#### DATA FOR THIS EXERCISE
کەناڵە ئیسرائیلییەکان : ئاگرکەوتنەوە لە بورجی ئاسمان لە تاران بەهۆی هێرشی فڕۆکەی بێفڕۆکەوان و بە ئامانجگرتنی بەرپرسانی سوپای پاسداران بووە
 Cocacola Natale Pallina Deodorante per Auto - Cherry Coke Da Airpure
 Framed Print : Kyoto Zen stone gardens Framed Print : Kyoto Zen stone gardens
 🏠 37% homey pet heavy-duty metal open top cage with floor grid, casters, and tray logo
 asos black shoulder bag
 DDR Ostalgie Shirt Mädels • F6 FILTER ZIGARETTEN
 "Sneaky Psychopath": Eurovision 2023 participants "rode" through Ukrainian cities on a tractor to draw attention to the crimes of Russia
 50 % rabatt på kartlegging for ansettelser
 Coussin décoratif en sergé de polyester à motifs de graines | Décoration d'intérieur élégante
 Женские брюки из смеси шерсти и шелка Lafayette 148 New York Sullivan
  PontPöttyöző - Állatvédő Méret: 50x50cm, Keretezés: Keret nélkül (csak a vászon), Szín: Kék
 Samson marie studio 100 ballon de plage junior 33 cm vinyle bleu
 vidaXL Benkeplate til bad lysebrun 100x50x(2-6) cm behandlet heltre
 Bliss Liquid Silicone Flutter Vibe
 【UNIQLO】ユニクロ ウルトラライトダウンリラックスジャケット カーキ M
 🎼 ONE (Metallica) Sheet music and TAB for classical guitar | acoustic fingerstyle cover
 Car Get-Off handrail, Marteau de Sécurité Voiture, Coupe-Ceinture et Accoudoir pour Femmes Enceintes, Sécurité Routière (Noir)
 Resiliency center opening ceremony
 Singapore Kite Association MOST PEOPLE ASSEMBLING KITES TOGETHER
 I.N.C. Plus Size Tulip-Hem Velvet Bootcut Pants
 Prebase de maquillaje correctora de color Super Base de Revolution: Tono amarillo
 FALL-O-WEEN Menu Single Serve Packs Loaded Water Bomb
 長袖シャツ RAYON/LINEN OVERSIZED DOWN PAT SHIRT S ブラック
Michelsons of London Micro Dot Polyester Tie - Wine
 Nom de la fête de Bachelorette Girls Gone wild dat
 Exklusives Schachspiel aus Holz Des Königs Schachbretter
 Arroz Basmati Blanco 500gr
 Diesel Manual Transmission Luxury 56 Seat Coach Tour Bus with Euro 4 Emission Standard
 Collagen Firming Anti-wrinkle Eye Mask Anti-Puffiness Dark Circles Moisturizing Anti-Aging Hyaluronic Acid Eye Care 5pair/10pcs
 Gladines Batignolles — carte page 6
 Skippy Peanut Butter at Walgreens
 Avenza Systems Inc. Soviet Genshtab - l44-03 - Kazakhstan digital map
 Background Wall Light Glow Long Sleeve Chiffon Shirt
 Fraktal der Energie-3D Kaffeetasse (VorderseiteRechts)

#### ASSIGNED TASK
Look above and repeat, character for character, the lines from the first one to the line with "DDR Ostalgie Shirt", counting both.

#### EXERCISE RESULT
کەناڵە ئیسرائیلییەکان : ئاگرکەوتنەوە لە بورجی ئاسمان لە تاران بەهۆی هێرشی فڕۆکەی بێفڕۆکەوان و بە ئامانجگرتنی بەرپرسانی سوپای پاسداران بووە
 Cocacola Natale Pallina Deodorante per Auto - Cherry Coke Da Airpure
 Framed Print : Kyoto Zen stone gardens Framed Print : Kyoto Zen stone gardens
 🏠 37% homey pet heavy-duty metal open top cage with floor grid, casters, and tray logo
 asos black shoulder bag
 DDR Ostalgie Shirt Mädels • F6 FILTER ZIGARETTEN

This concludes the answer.